The Eagles put up a magnificent goal line stand and took over on downs. On the first play after the goal line stand, star running back Herschel Sims scampered down the field for a 95-yard touchdown. Pickett’s recollection of the game still brings goosebumps.
“As he’s racing down the field untouched,” Pickett said, “I could see Cedar Hill people heading for the exits.”
Abilene High had two more victories, over Arlington Bowie and Klein, before taking on the Katy Tigers for the state championship. Katy brought back-to-back championships to the game and was expected to take home another. But the Abilene High Eagles thought better and won the game 28-17.
Pickett didn’t play high school football but was on the basketball, baseball, track, and cross country teams at Council Grove, Kansas. He knows sports well and also knows that it is important to be as objective as possible when broadcasting games. With the internet, you never know who’s listening.
Pickett, like Statler, is mindful of giving the score frequently. And, he makes sure he sets the down and distance, describes what happens on both sides of the ball for each play, and then resets the down and distance.
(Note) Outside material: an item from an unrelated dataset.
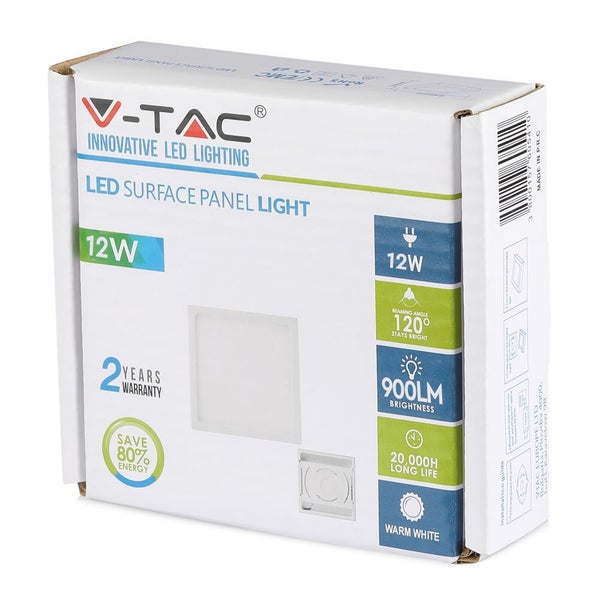 LED-Mini-Panels - Schlanke Oberfläche, quadratisch - IP20 - Weiß - 12 Watt - 900 Lumen - 6400K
“You need to paint the picture for the listener,” Pickett said. “That’s the fun part for me.”
Pogue grew up in Abilene, attended Lincoln Junior High, and graduated in 1981 from Abilene High School. But since then, it’s been all Cooper for Pogue, who’s known to fans as “The Voice of the Cougars.” From 1985 to 1990, Pogue was sports information director at Hardin-Simmons University, where he earned both bachelor’s and a master’s degrees.
Since 1990, he has taught English at Cooper, where he sponsors the Student Council and announces games on the radio. Pogue has had a long interest in broadcasting. He was an English and communications major at Hardin-Simmons and then was sports information director for HSU. He did the radio color analysis for the Hardin-Simmons basketball games in 1985 and 1986. He’s also called baseball and volleyball games and was the voice of the Abilene Prairie Dogs minor league baseball team for five years.
“It’s all been phenomenal,” he said of his radio career. “There are a lot more wins than there are losses.”
A few highlights stand out. One night when he was announcing a Cooper football game, an airman called from Dover Air Force Base, where the bodies of those lost in overseas combat are brought home. The airman was on alert, waiting for word of an incoming flight as he listened to the sounds of Cooper High School football in faraway Abilene, Texas.
“That’s humbling,” Pogue said.
The 1996 football season provided plenty of thrills for Pogue, with Cooper in position to win it all. But it didn’t happen.
“You get to the state championship game,” Pogue said, “and you’re beat by Drew Brees.”
Plenty of teams know the feeling. The legendary quarterback of the New Orleans Saints recently retired after 20 seasons in the NFL.
Other highlights for Pogue involve family members. His wife, Laura, called a baseball game with him in Lubbock once when his broadcast partner was out. And, he’s gotten to call his children’s names over the air. His son, Jamie, was the kicker for the Cougars for two seasons and his daughter, Katie, was in playoff games for the Cooper volleyball team.
“That’ll just make you smile for the rest of your life,” Pogue said.